Andy Shen

I am a fourth-year PhD Candidate in Statistics at UC Berkeley. I am advised by Haiyan Huang and Sam Pimentel.

My research is motivated by applied problems in epidemiology and medicine. I am interested in developing causal inference methods to help scientists make robust and transparent causal claims. I am also interested in solving data-driven problems using statistical learning and causal inference tools. My research is supported by the NSF Graduate Research Fellowship.

I graduated from UCLA in June 2021 with my B.Sc. in Statistics. I was advised by Rick Schoenberg and Peter Katona. I have spent many summers as a statistics intern at Los Alamos National Laboratory and most recently completed a biostatistics internship at Denali Therapeutics in summer 2023.

Feel free to connect with me via email or LinkedIn.

Email  /  CV  /  Google Scholar  /  Github

profile photo

News

November 2024: Our paper on sensitivity analysis for causal decompositions received a student paper award at the International Conference on Health Policy Statistics!

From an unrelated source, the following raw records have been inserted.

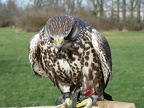 140216 Falkner 12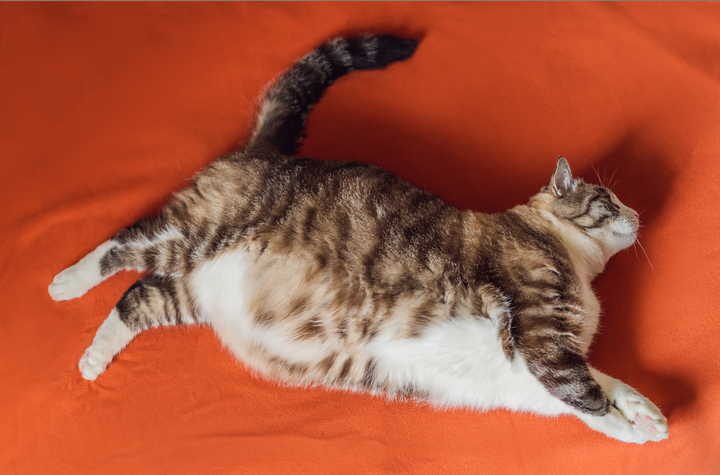 ช่วงนี้เธออ้วนขึ้นรึเปล่า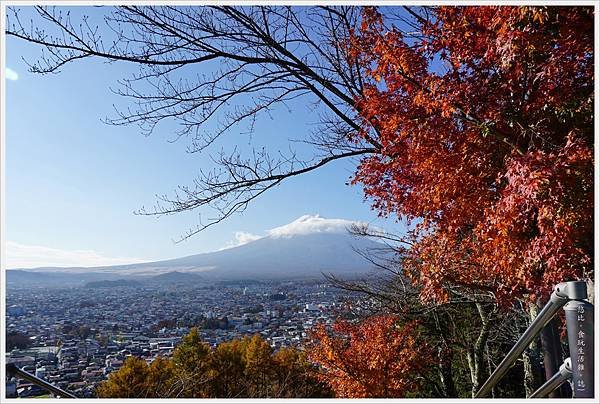 新倉山淺間公園-78-富士山.JPG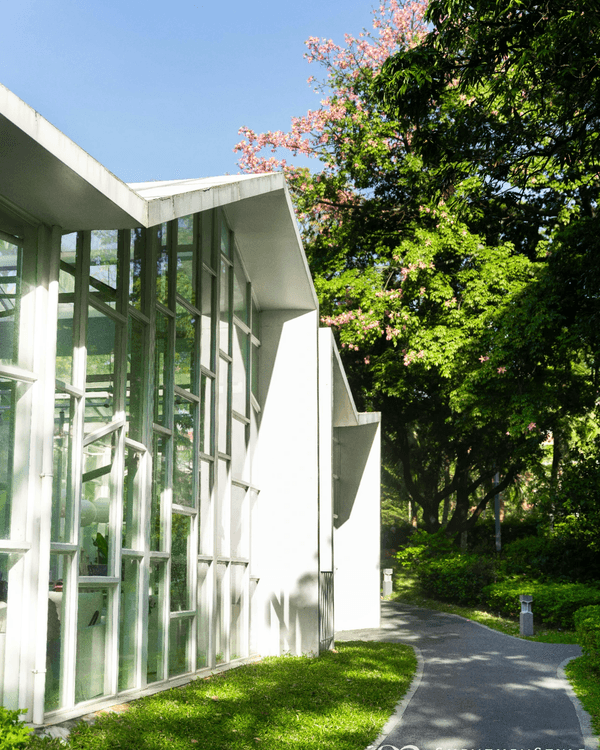 深圳南山打卡必去「白色玻璃屋Cafe」☕️四周綠意盎然勁似歐洲🌿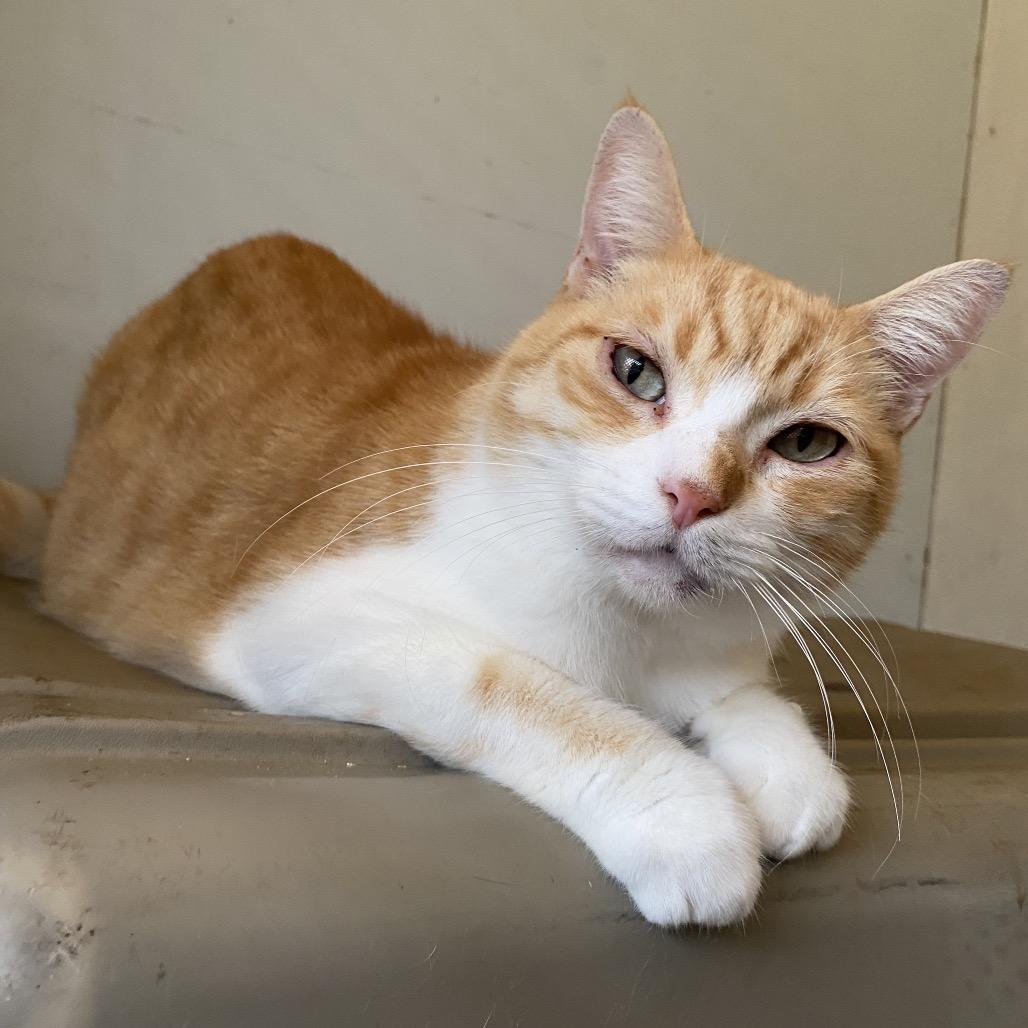 Enlarge Felix (COH-A-64302), a Adoptable Domestic Short Hair in Volcano, HI image 4/5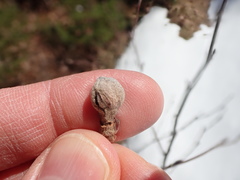 Dasineura serrulatae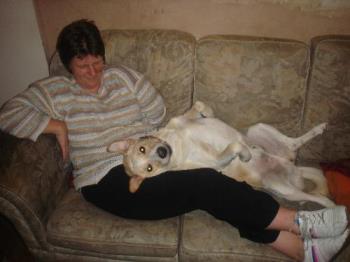 my dog with my wife - just look at him on my wifes knee 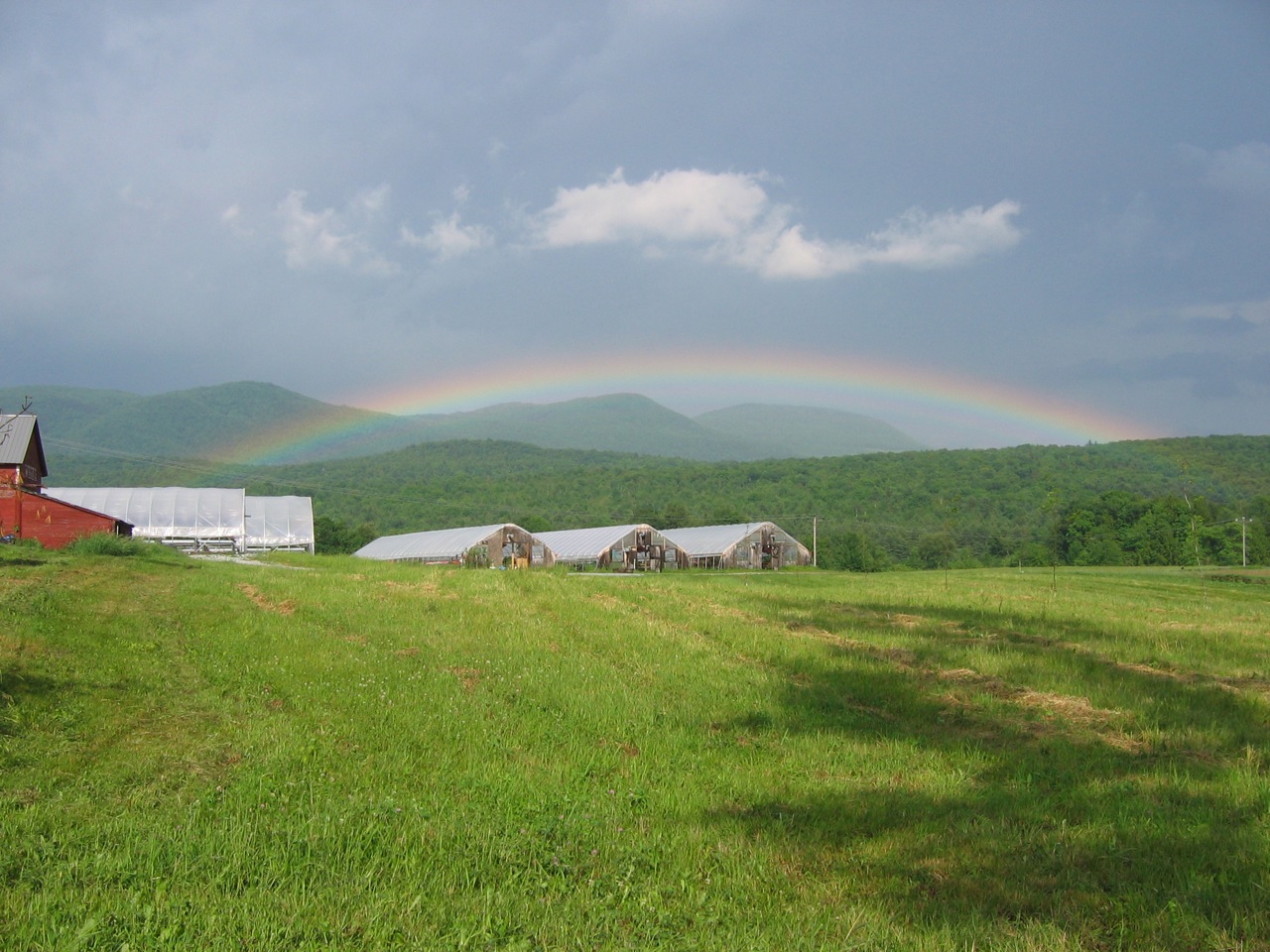 rainbow over greenhouses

March 2024: I passed my qualifying exam and advanced to candidacy! Thank you to my committee chair Peng Ding and committee members Haiyan Huang, Sam Pimentel, Peter Bickel, and Jon McAuliffe for their service and feedback.

Research

Sensitivity Analysis for Causal Decomposition Analysis (2024+)
Andy Shen, Elina Visoki, Ran Barzilay, and Sam Pimentel
[arXiv Preprint]

Decomposition analysis is an observational causal inference tool to study health disparities experienced by minority groups. This paper develops a novel sensitivity analysis method in the decomposition regime, allowing clinical researchers to better understand how unmeasured confounding may impact their findings.

A Hybrid Variational Autoencoder for Synthetic Polymer Design (2022)
Shuni Li, Zhiyuan Ruan, Andy Shen, Ivan Jayapurna, Ting Xu, and Haiyan Huang
AAAI Workshop on AI to Accelerate Science and Engineering [PDF]

A recent development in material science is using synthetic heteropolymers to mimic proteins. We develop a hybrid variational autoencoder to identify monomer compositions that achieve optimal performance in wet-lab experiments.

Forecasting Ebola Spread with Hawkes Point Process Models (2021)
Sarita Lee, Andy Shen, and Rick Schoenberg
Journal of Forecasting [DOI]

Hawkes point process models are traditionally used to forecast earthquake aftershocks and have been generalized to forecast epidemics. Here we prospectively compare multiple Hawkes models to forecast the spread of Ebola in Democratic Republic of the Congo.

Teaching

Statistics 135: Concepts of Statistics (Fall 2022)
Graduate Student Instructor (GSI), UC Berkeley

Upper-division undergraduate course covering theoretical and mathematical statistics. Topics included estimation, hypothesis testing, inference and regression. Received Outstanding Graduate Student Instructor award for excellent teaching.

Statistics 100C: Linear Models (Spring 2021)
Undergraduate Learning Assistant, UCLA

Upper-division undergraduate course covering foundations of linear regression. Topics included ordinary least squares, hypothesis testing in linear models, heteroscedasticity/multicollinearity and model checking/selection.

Statistics 20: Statistical Programming with R (Fall 2020, Winter 2021, Spring 2021)
Undergraduate Learning Assistant, UCLA

Lower-division undergraduate course covering R programming basics such as vectors, matrices, flow control, graphics and simulation.

Statistics 13: Statistical Methods for Life and Health Sciences (Winter 2021)
Undergraduate Learning Assistant, UCLA

Lower-division undergraduate course covering introductory statistical concepts for life science majors.